• _TASK DIRECTIONS_
Set the records down again, exactly, without their images.

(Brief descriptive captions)

--

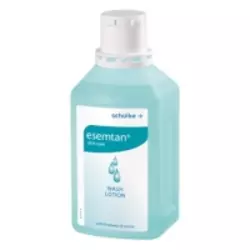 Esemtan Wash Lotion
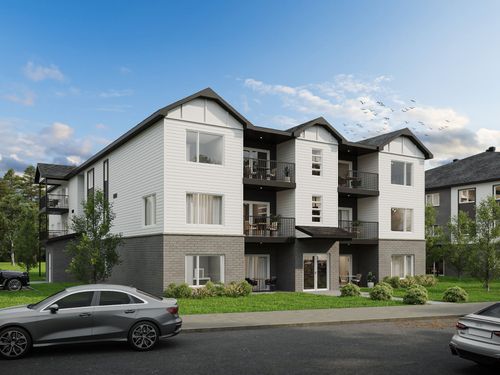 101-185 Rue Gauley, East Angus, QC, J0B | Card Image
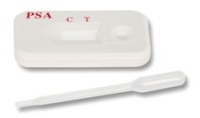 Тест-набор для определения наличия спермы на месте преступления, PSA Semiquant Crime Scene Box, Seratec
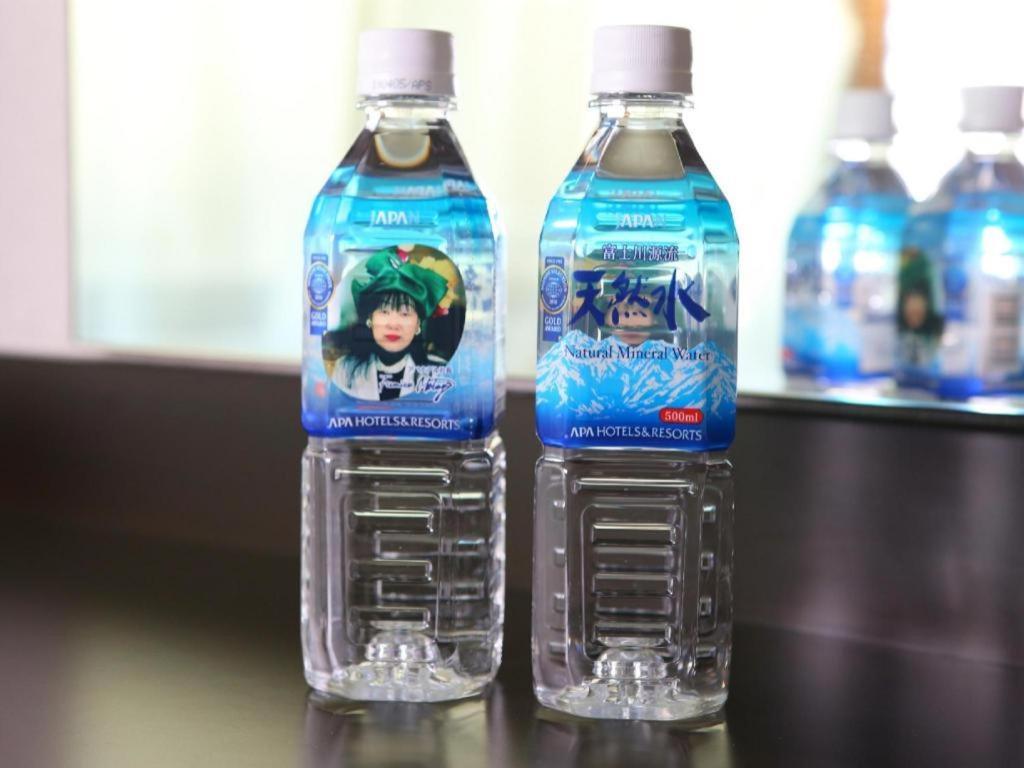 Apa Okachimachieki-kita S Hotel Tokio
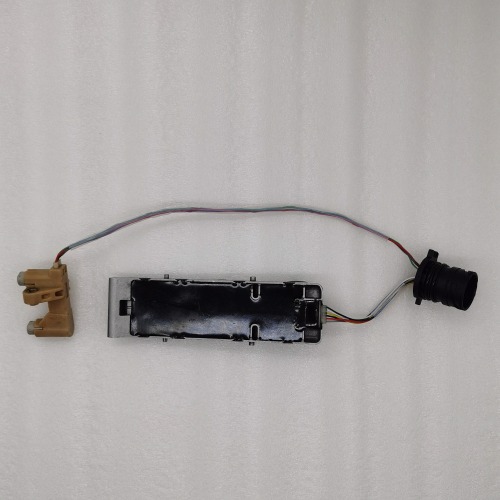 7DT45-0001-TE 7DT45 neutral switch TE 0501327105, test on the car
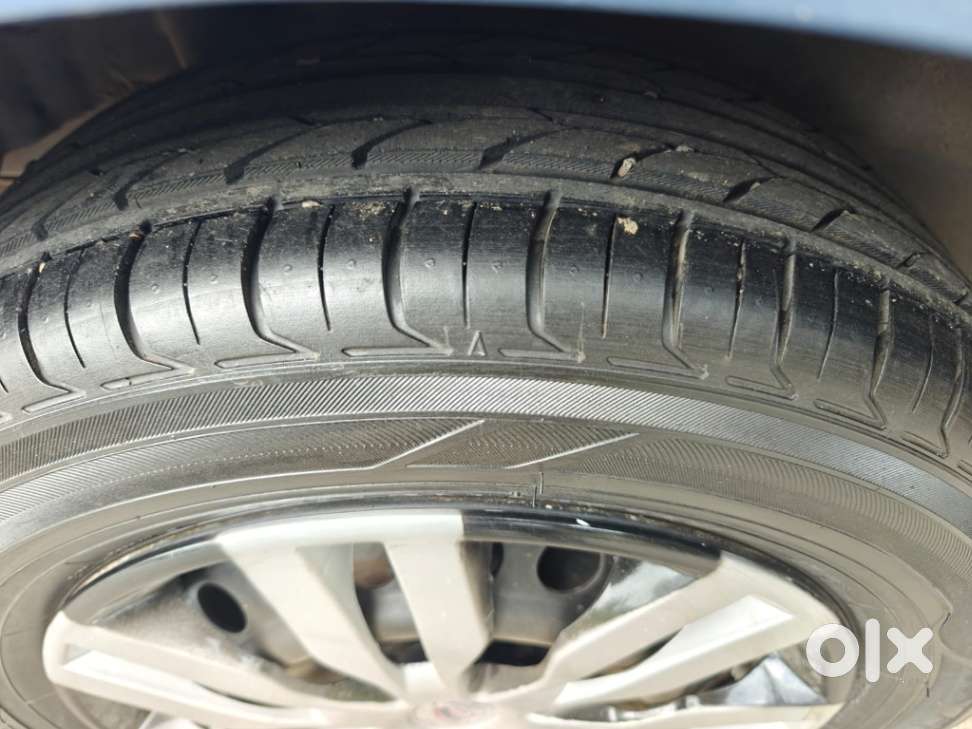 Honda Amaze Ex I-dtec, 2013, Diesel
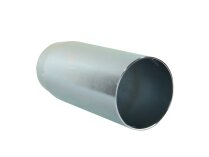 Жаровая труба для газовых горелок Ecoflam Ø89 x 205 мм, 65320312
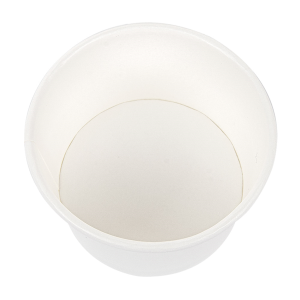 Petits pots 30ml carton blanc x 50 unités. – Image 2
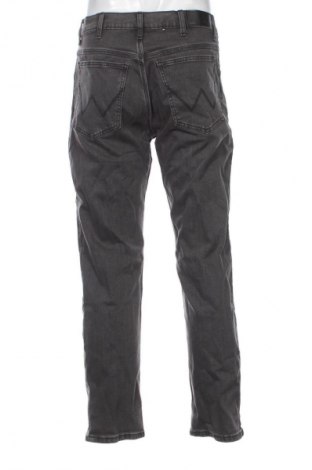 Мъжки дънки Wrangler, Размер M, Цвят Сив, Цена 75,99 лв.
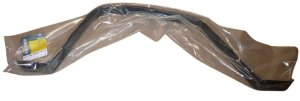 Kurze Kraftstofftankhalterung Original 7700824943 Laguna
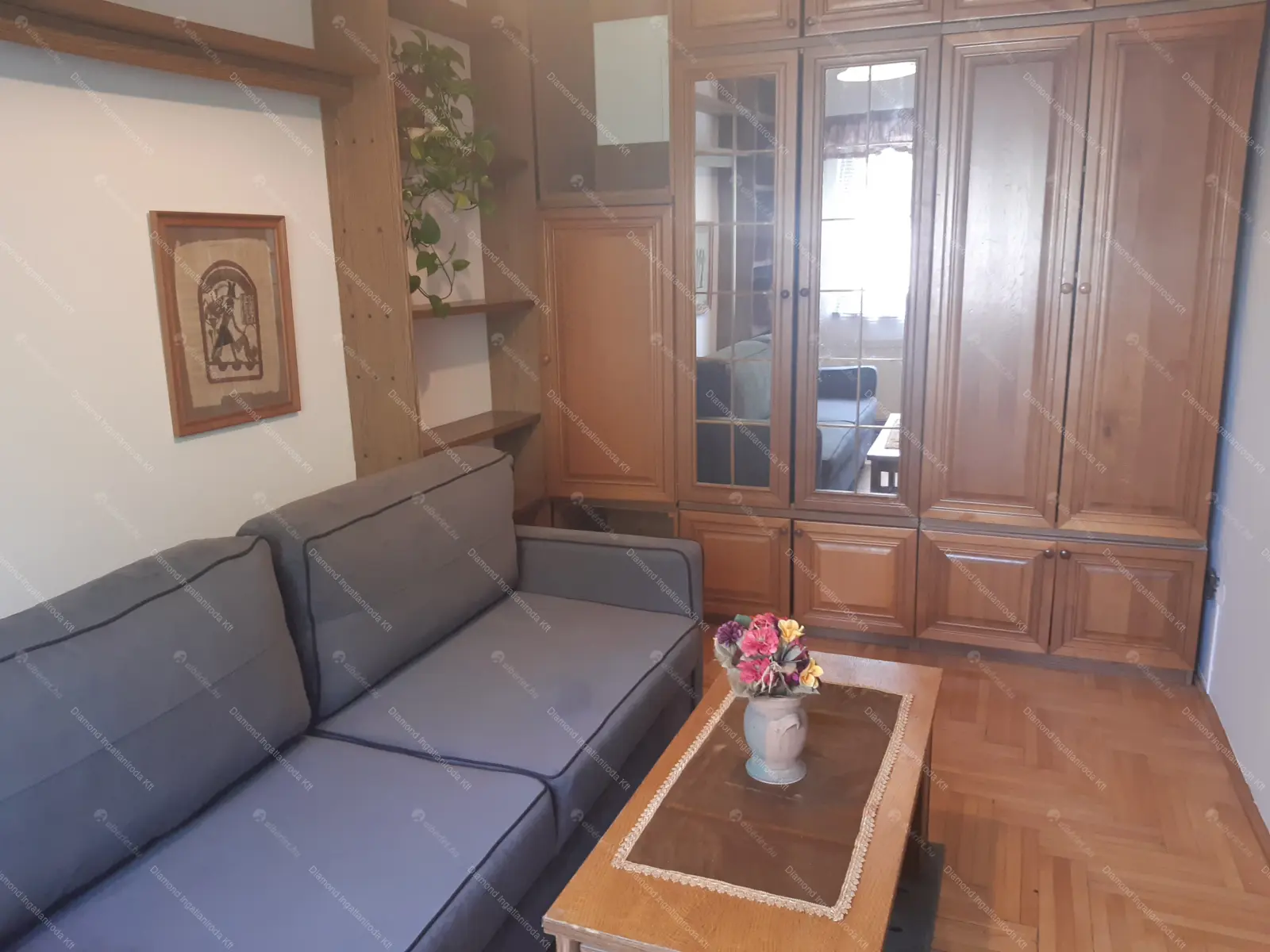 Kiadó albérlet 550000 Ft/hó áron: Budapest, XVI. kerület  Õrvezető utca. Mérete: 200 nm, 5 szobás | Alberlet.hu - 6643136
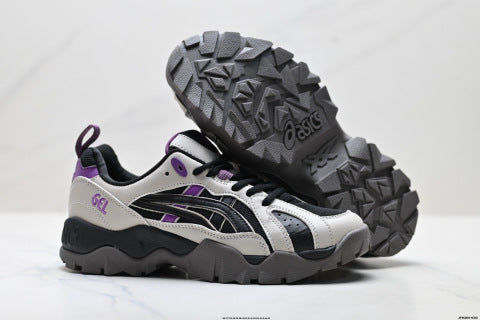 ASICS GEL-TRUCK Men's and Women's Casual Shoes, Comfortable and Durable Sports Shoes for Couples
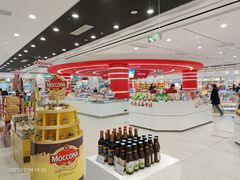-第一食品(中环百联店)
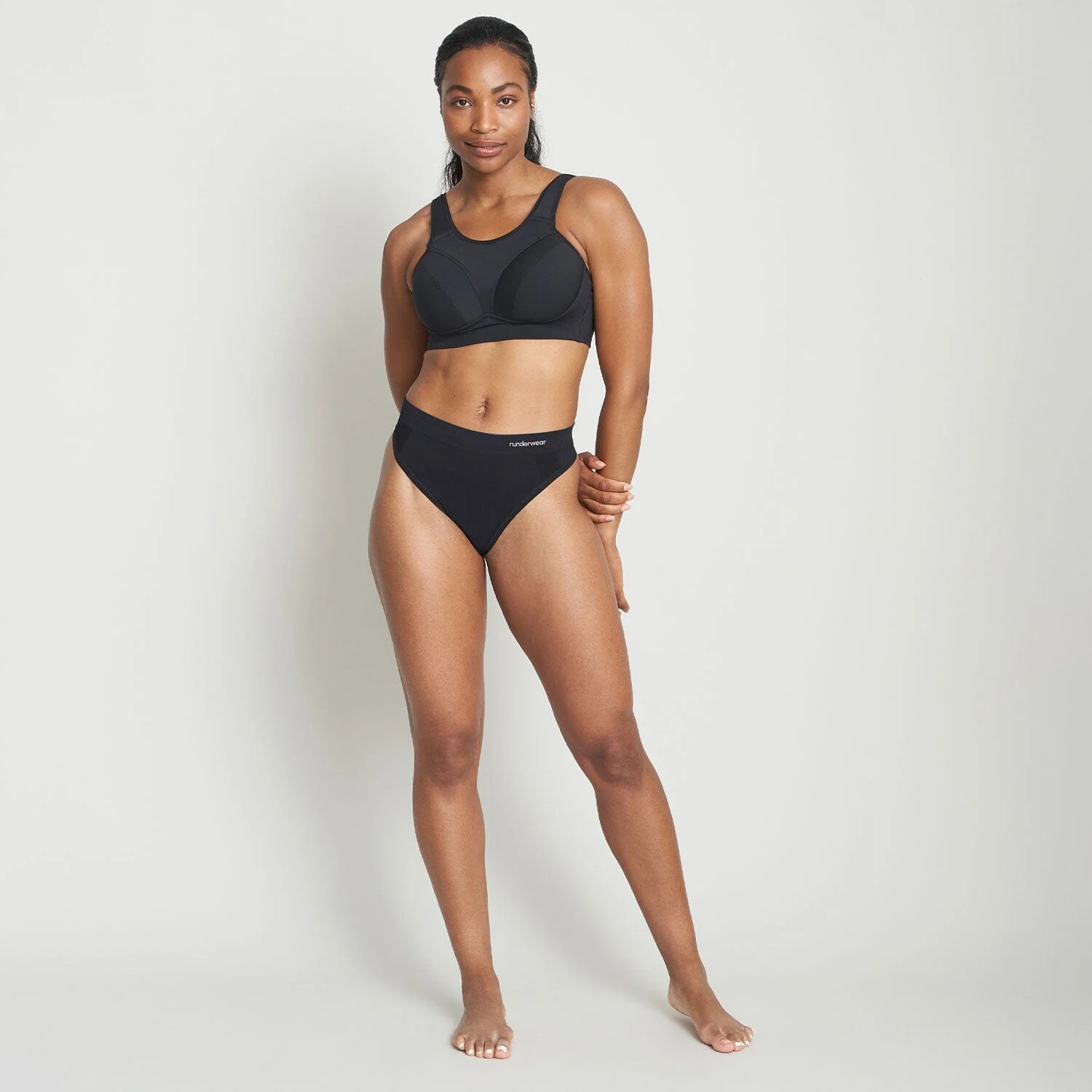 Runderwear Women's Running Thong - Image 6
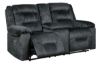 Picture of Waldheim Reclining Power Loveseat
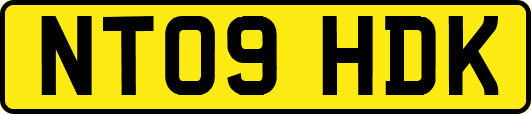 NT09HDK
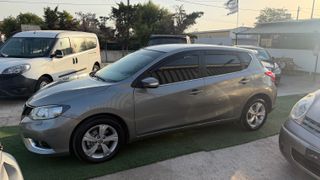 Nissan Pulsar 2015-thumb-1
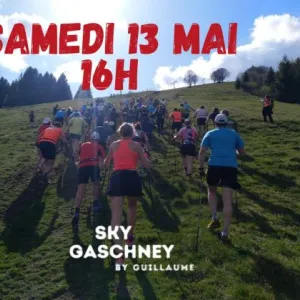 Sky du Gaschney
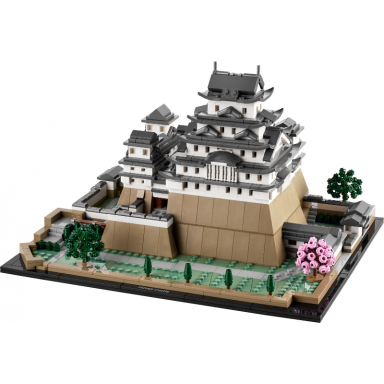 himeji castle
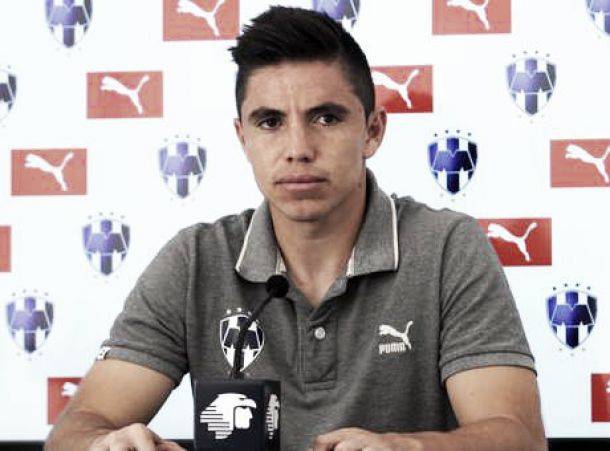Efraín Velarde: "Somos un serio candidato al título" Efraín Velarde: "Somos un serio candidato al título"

--

• _EXERCISE RESULT_
 Esemtan Wash Lotion
 101-185 Rue Gauley, East Angus, QC, J0B | Card Image
 Тест-набор для определения наличия спермы на месте преступления, PSA Semiquant Crime Scene Box, Seratec
 Apa Okachimachieki-kita S Hotel Tokio
 7DT45-0001-TE 7DT45 neutral switch TE 0501327105, test on the car
 Honda Amaze Ex I-dtec, 2013, Diesel
 Жаровая труба для газовых горелок Ecoflam Ø89 x 205 мм, 65320312
 Petits pots 30ml carton blanc x 50 unités. – Image 2
 Мъжки дънки Wrangler, Размер M, Цвят Сив, Цена 75,99 лв.
 Kurze Kraftstofftankhalterung Original 7700824943 Laguna
 Kiadó albérlet 550000 Ft/hó áron: Budapest, XVI. kerület  Õrvezető utca. Mérete: 200 nm, 5 szobás | Alberlet.hu - 6643136
 ASICS GEL-TRUCK Men's and Women's Casual Shoes, Comfortable and Durable Sports Shoes for Couples
-第一食品(中环百联店)
 Runderwear Women's Running Thong - Image 6
 Picture of Waldheim Reclining Power Loveseat
 NT09HDK
 Nissan Pulsar 2015-thumb-1
 Sky du Gaschney
 himeji castle
Efraín Velarde: "Somos un serio candidato al título" Efraín Velarde: "Somos un serio candidato al título"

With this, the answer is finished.